Will Unmanned Aerial System (UAS) Change the Way of Field Observation?

DJI published their newest product: DJI-L1 and P1, early this year. The former one is a UAS with LiDAR camera. The new product would be available in April, 2021. So, if the UAS with LiDAR (P1 is equipped with LiDAR and RGB together) has the potential to improve the way of field observation in the next 5 years?

Above ground biomass (AB) is an important parameter in ecology and agriculture. It reflects the carbon accumulated in plant organism, and the information of canopy structure. Traditional way to observe AB is extreme time consuming (measure and record every single tree in each sample), and sometimes impossible. LiDAR equipped by plain has proved to be effective and accurate projecting regional AB by Zhao et al. (2018), see Fig. 1. But it cost a huge amount of money to carry out the investigation.
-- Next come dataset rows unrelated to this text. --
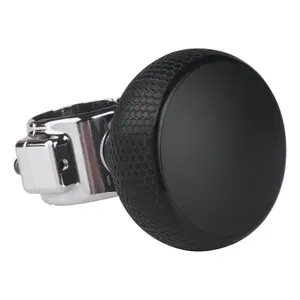 Large Steering Wheel Knob Spinners  Vehicle Ball Durable For Car Suv Boat Etc (black)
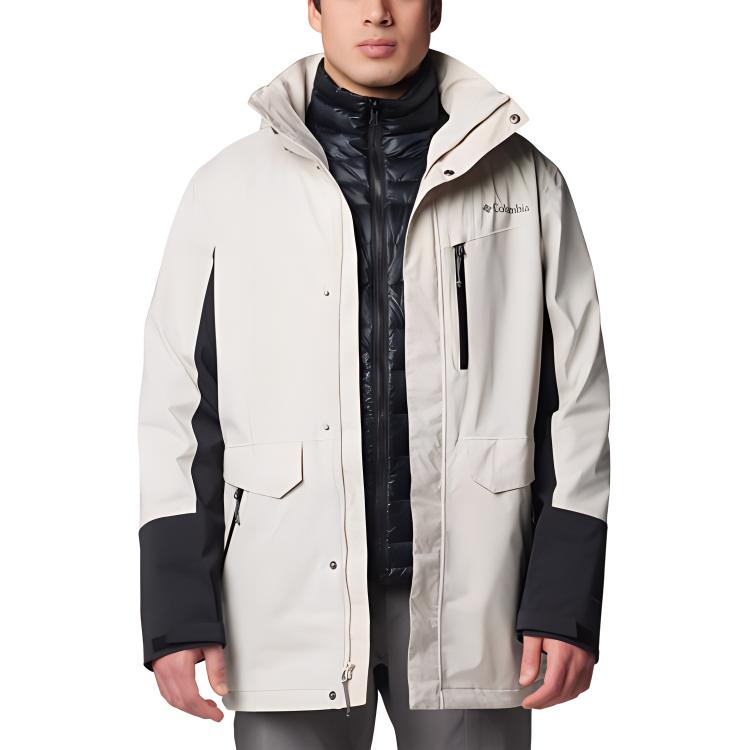 Order Columbia  Detachable Hood Waterproof Hiking Jacket Beige 2089902-278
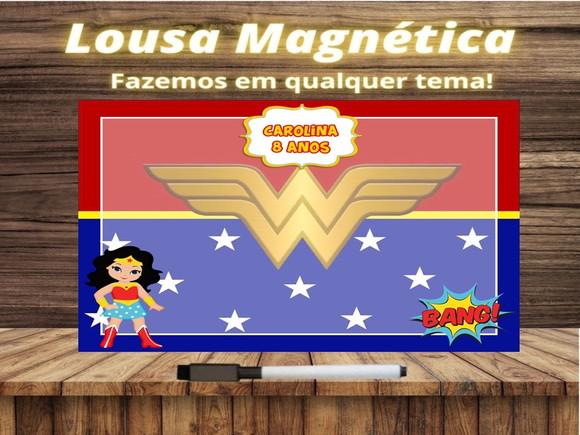 Lousa Magnética Mulher Maravilha com Embalagem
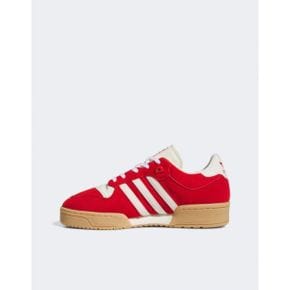 4730052 Adidas Originals Rivalry 86 Low sneakers with gum sole in red and white 87024867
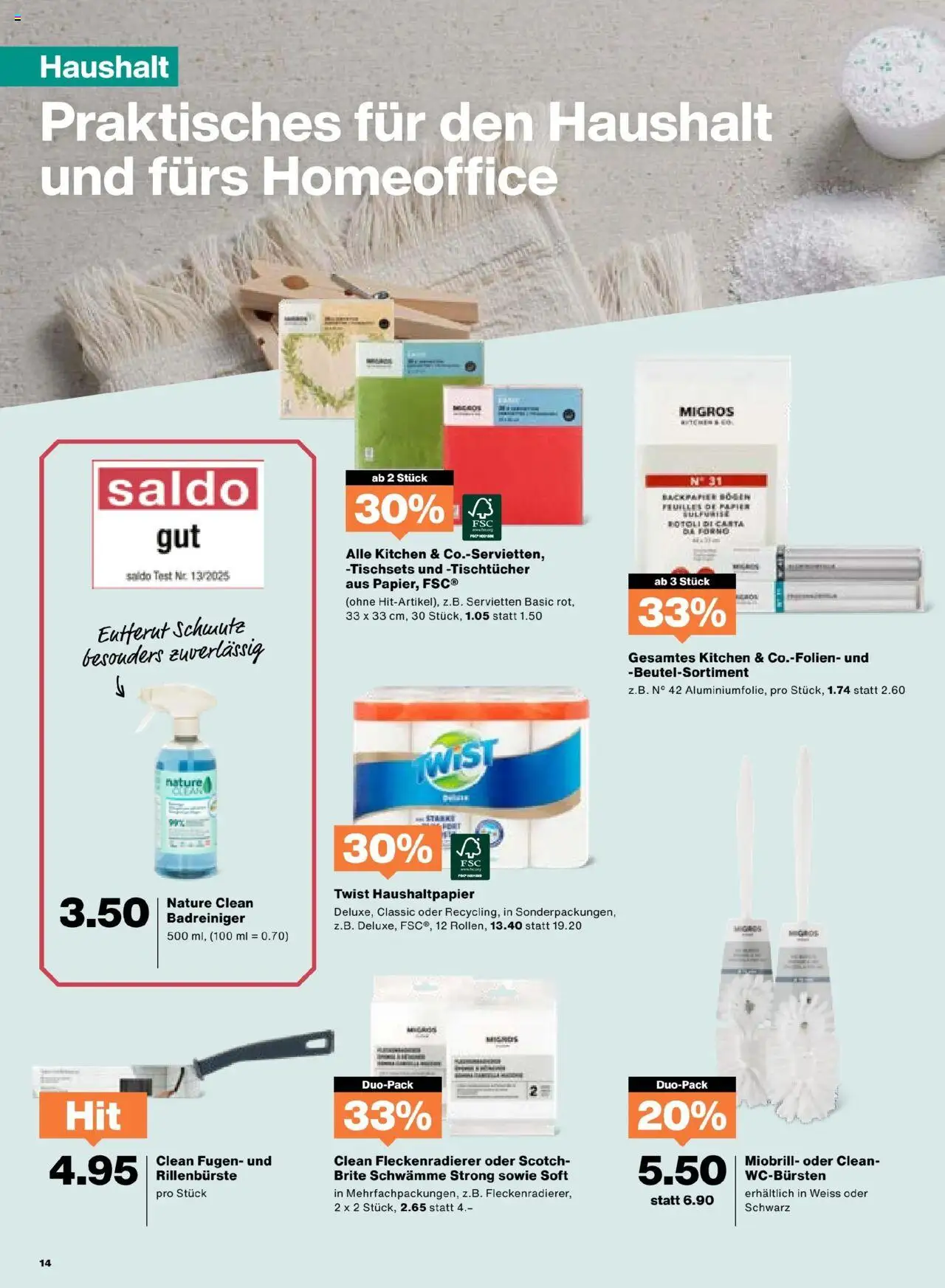 Migros Aktionen – gültig ab 30.09.2025 | Seite: 14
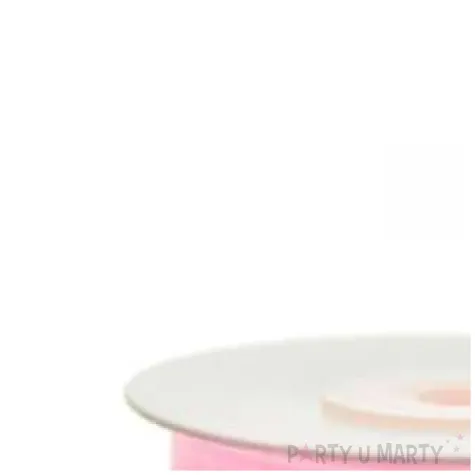 tasiemka szyfonowa rozowa jasna 6 mm 25 m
So the new product of DJI makes it possible to do the same observation with, maybe, 10% of the cost compared it used to be.

Fig. 1. Theory of LiDAR observing AB. Equipment on plain (or UAS in the future) active a laser to the ground, receive and record the distance between the platform and the target point. Usually, several laser point (more than 3) would be projected within one square meter, which could be used to produce a DSM (Digital Surface Model) for the target region. The difference between DSM and DEM (Digital Elevation Model) for soil surface is the CHM (Canopy Height Model). We usually think CHM has a positive relationship with AB.

Let’s guess the potential application of UAS-LiDAR. There has been research about monitoring crop based on UAS (not with LiDAR, see Ashapure et al., 2019), proving the workflow is applicable. Regional AB map could definitely help with the yield prediction, and help with the model building and validation. UAS-LiDAR make it much easier and more accurate for users to project canopy height and AB than UAS non-LiDAR. Thus, I predict there would be increasing amount of research proposed about filed scale observation, or use the observed result to calibrate model, in the future years.

Also, LiDAR provides detailed information about canopy height and structure, which was usually neglected or simplified in current optical-based remote sensing analysis and radiative transfer equations (RTMs). Maimaitijiang et al. (2020) proved that a combination of canopy structure and optical information achieved a better performance predicting yield, based on a deep learning network. It still requires a process-based explanation before the method transplanting to natural biomes like forest. But anyway, it provides a possibility to improve the application of optical remote sensing information.


Ashapure A, Jung J, Yeom J, et al. A novel framework to detect conventional tillage and no-tillage cropping system effect on cotton growth and development using multi-temporal UAS data[J]. ISPRS Journal of Photogrammetry and Remote Sensing, 2019, 152: 49-64.

Maimaitijiang M, Sagan V, Sidike P, et al. Soybean yield prediction from UAV using multimodal data fusion and deep learning[J]. Remote Sensing of Environment, 2020, 237: 111599.

Zhao Y, Zeng Y, Zheng Z, et al. Forest species diversity mapping using airborne LiDAR and hyperspectral data in a subtropical forest in China[J]. Remote Sensing of Environment, 2018, 213: 104-114.